Appellant points to its own articles of incorporation which lists one of its corporate purposes as: "To exercise generally all powers of ... interpretation ... and construction of all conditions, restrictions and charges now in effect ... affecting the real property herein described ...." The declaration filed on behalf of appellant/defendant asserts that "In so construing its powers, the defendant has, as a matter of policy, always resisted activities in the immediate neighborhood which, in the opinion of the Directors, constituted a nuisance ... in the Kentwood area." Appellant thus contends its conduct is pertinent to interpreting the Declaration of Protective Restrictions.

At the outset, we may question whether proof by a party of its own conduct is relevant to interpreting an agreement. Be that as it may, it has been held that the conduct of a contracting party may be used as [24 Cal. App. 3d 220] an aid to interpreting an agreement in order to get at "the mutual intention of the parties." (Grove v. Grove Valve & Regulator Co. (1970) 4 Cal. App. 3d 299, 308-310 [84 Cal. Rptr. 300]; Adams v. Williams Resorts, Inc. (1962) 210 Cal. App. 2d 456, 460 [26 Cal. Rptr. 656].) The same rules apply to interpreting grant deeds. (Civ. Code, §§ 1066, 1636.) [3] However, when the language is clear and explicit, does not involve an absurdity (Civ. Code, § 1638) and no ambiguity is shown, evidence of conduct is irrelevant. In other words, evidence to clarify an ambiguity is not needed when no ambiguity is shown to exist. Petersen v. Ridenour, supra, 135 Cal. App. 2d 720, states the rule thus (p. 725): "... practical construction has no place in the consideration of an unambiguous agreement." (Also see: Adams v. Williams Resorts, Inc., supra, at p. 460.) For the foregoing reasons, appellant's argument fails.

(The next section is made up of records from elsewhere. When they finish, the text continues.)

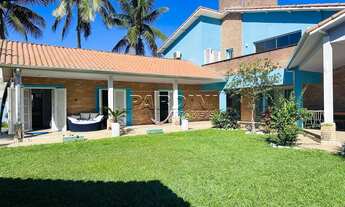Imagem 2: Linda casa assobradada com 5 dormitórios e área gourmet na praia do Lázaro em Ubatuba!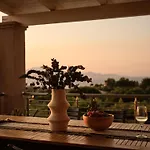 Merovigli - Sea Views & Private Pool, Ideal For Large Groups, By Zantewize * 查加基恩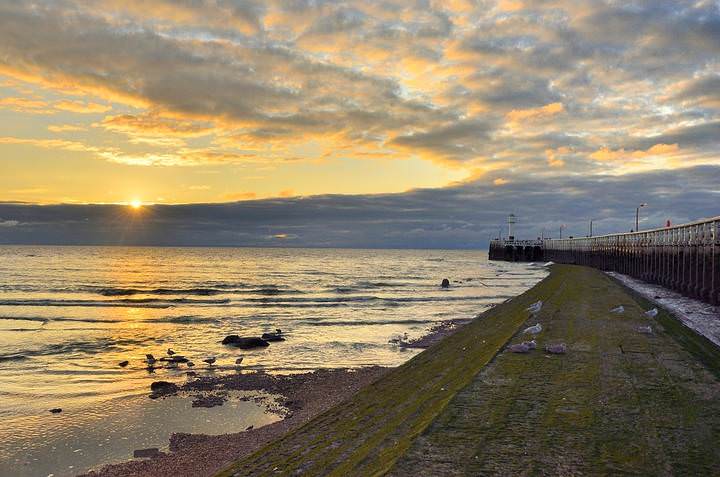 Evening in Newport.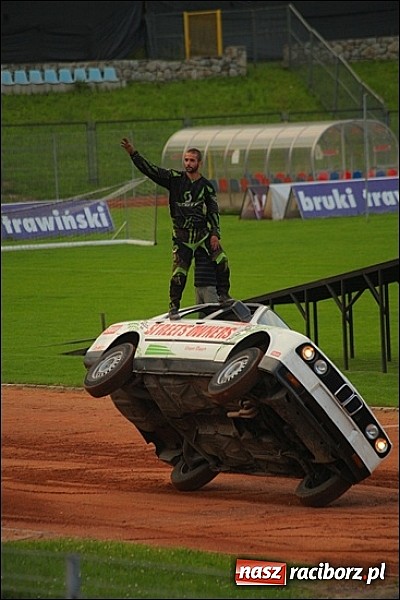 Zdjęcie w galerii na portalu naszraciborz.pl: Freestyle Streets Owners - doskonałe kaskaderskie show na stadionie wiadomości z regionu
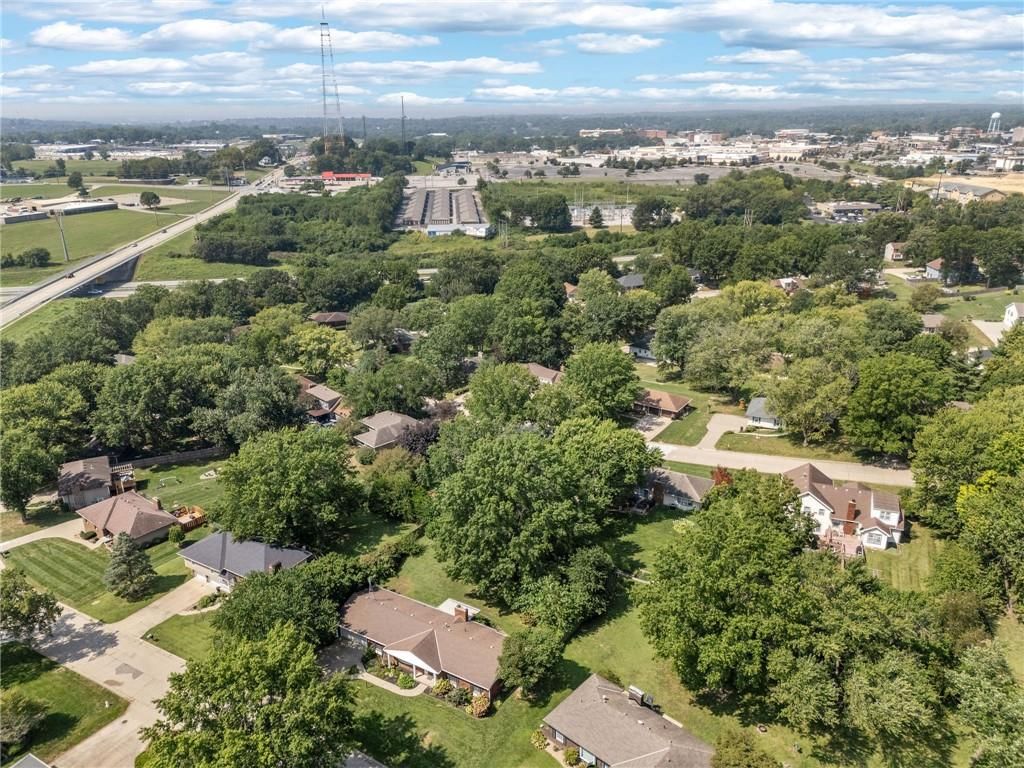 4401 S Stonecrest Circle — photo 40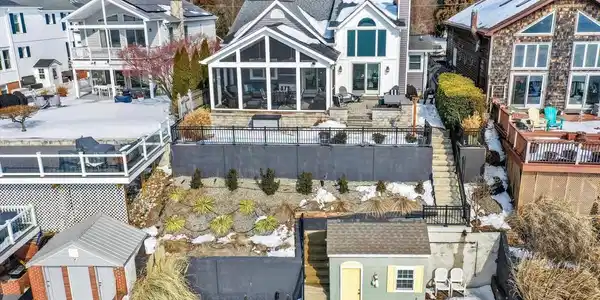 2116 RIVERVIEW ROAD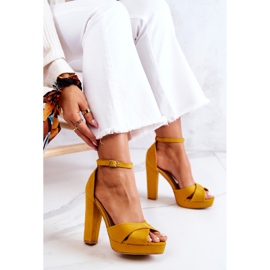 FM1 Sandales Daim On A Post Jaune Lanelle 1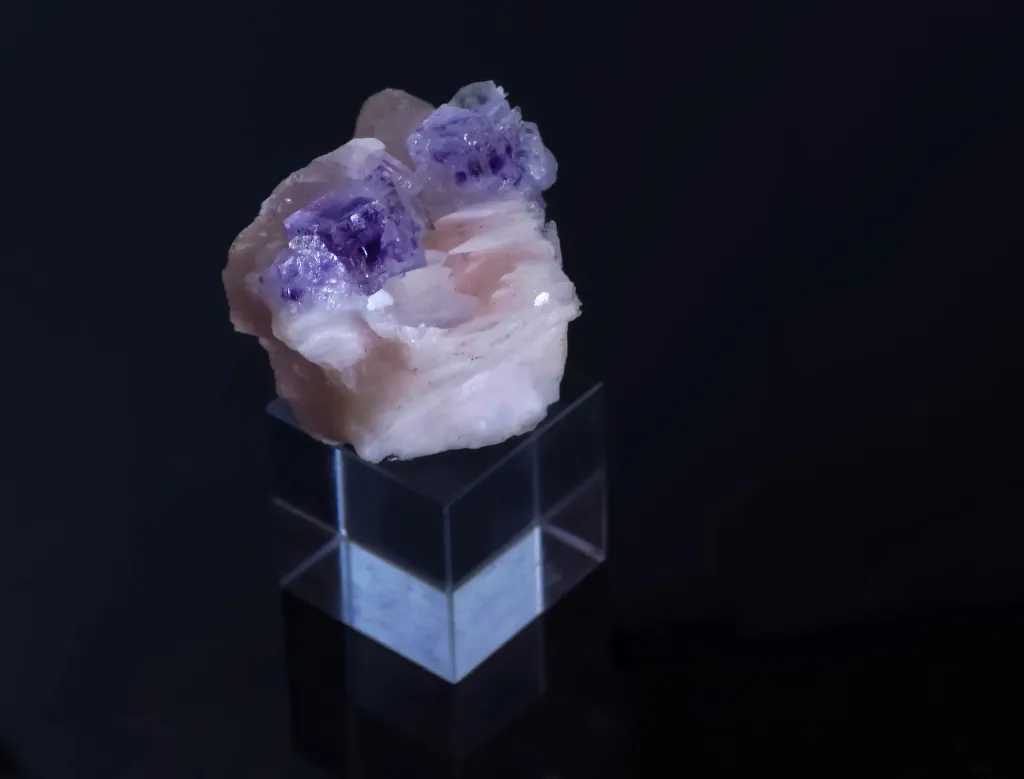 Fluorite from China, Hunan, Yaogangxian Mine, Yaogangxian Mine, Yizhang Co. Chenzhou, Hunan, China image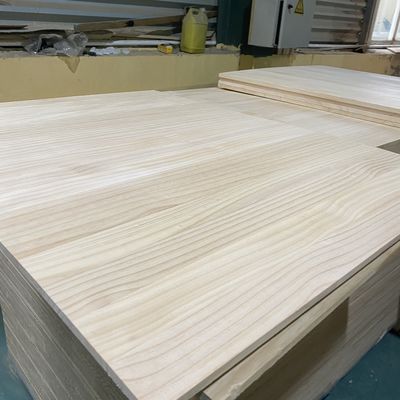 AA-klasse Radiata Pine Board met E0 E1 milieueffectieve lijm 9-35 mm dik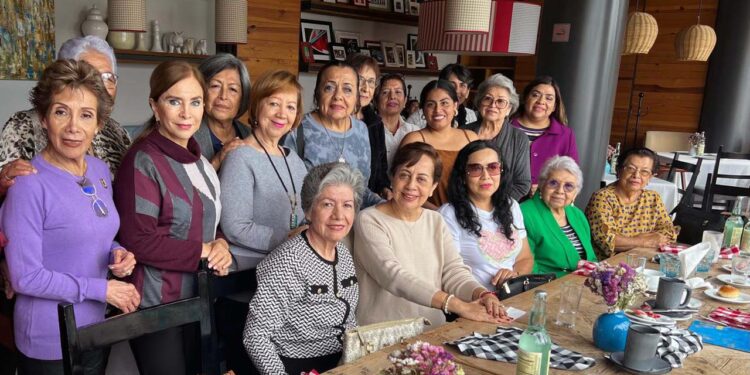 Cristina Aquino, Celia Martínez, Lalis Vásquez, Petus Sánchez, Cristina Wong, Judith Morales, Esbeidi Martínez, Liliana Rivas, Mary Botello, Naty Leyva, Blanca Vásquez, Gela Solís, Verónica Kauffman, Alicia Zárate y Susy Cortés.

[1c] Appellant next argues that airplanes flying overhead create noise within the boundaries of Kentwood, itself, which noise therefore constitutes an abatable nuisance. (2 C.J.S. 909, Aerial Navigation, § 29.) This argument may be valid but it does not answer the question: is this an activity "upon said property" by a person against whom appellant is authorized to proceed under the Declaration of Protective Restrictions? The fact Kentwood lot owners, individually or collectively, may have their rights invaded, with a corresponding right of access to the courts, does not endow appellant with the right to sue airport authorities or airlines on their behalf, and to charge lot owners for the costs of suit. The language of the declaration specifies that "No noxious or offensive trade or activity shall be carried on upon the property. ..." From this and the other language we believe it clear that appellant may not assess lot owners with the costs of suit brought against third parties merely because noises arise from overhead. It would be incongruous to believe the parties intended that airplane noises originating next door could not be abated by appellant on their behalf but that it could file a suit against third parties, seeking to abate noises of airplanes because they were overhead and not next door.

The judgment is affirmed.

Jefferson, Acting P. J., and Kingsley, J., concurred.